Leave it up to Fox, the channel that brought you Freaks and Geeks and That 70’s Show, to take the first stab.
When I sat down to watch the Tuesday premiere of Fox Network’s Undeclared, I couldn’t help but acknowledge the irony of my situation. There I was, a college freshman, about to watch a show asking me to poke fun at my own circumstances. Would the humor be biting? Would it all hit too close to home? Or, as was the case with Dawson’s Creek in high school, would it be comfortably distant from my real life?
Undeclared turned out to be more or less a cynical sketch of the 18-year-old set. Its core cast caricatures six quirky college-types rather than purporting to represent what it is to be in college.

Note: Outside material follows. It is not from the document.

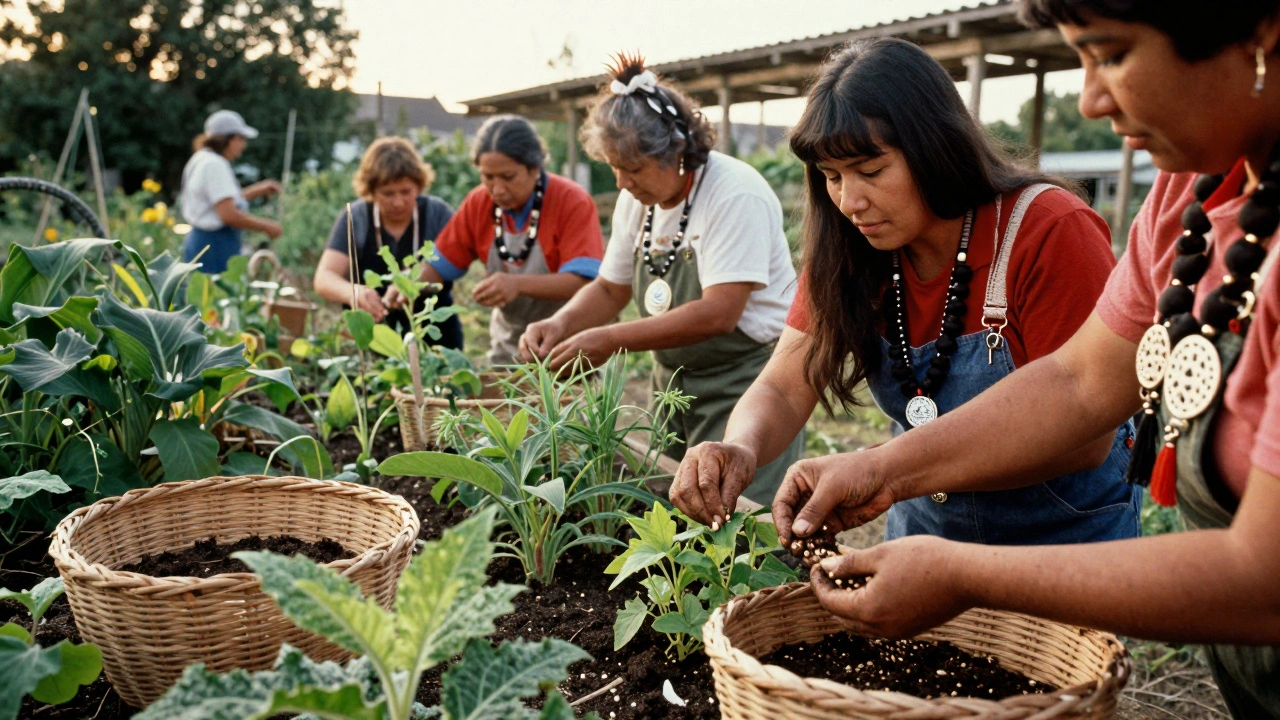 Visitors collect seeds from a community garden at an international art event, surrounded by plants and woven baskets under golden light.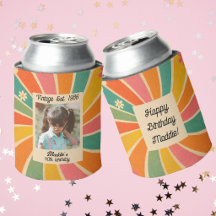 Foto Personalizada de Aniversário Colorida Vintage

Steven Karp (Jay Bucheral) is the David Schwimmer-esque, lovable loser who holds the spotlight as Undeclared’s– well– undeclared protagonist; his roommates are even further pigeon-holed into potentially one-dimensional roles. Seth (Ron Garner) is the beerbellied frat boy-wannabe; Marshall (Timm Sharp) the unwashed, tousle-haired “slacker” who seems stuck in an eternal hangover; and Lloyd (Charlie Hunman) the room’s “too cool” British ladies’ man.
Of course, the show is not without its contingent of college females. Down the hall live the ever-overwhelmed Rachel (Monica Keena) and her chipper roommate Lizzie.
The six are each neatly stereotyped outcasts in their own way. It’s the inversion of last decade’s teenage hero-worship a la 90210. We watch the show confident that we act cooler than they do. We laugh because we pity them, and because their challenges are heavy-handed versions of feelings we know too well.
Amid a slew of predictable freshmen aspirations and antics (to name a few: “re-invention”, floor parties, one night stands, homesickness and the creepy RA — a typical freshman word bank), Undeclared manages a few clever surprises in its half-hour time slot. No, it offers no fresh or shocking look at campus life in 2001; it lacks the daring and innovation of a big hit.
What it is, though, is a pleasant diversion from the comparatively less dramatic Collegiate life. If you loved Freaks and Geeks, Undeclared is the next wave in pseudo-realistic — more truthfully, caricaturistic — prime-time programming.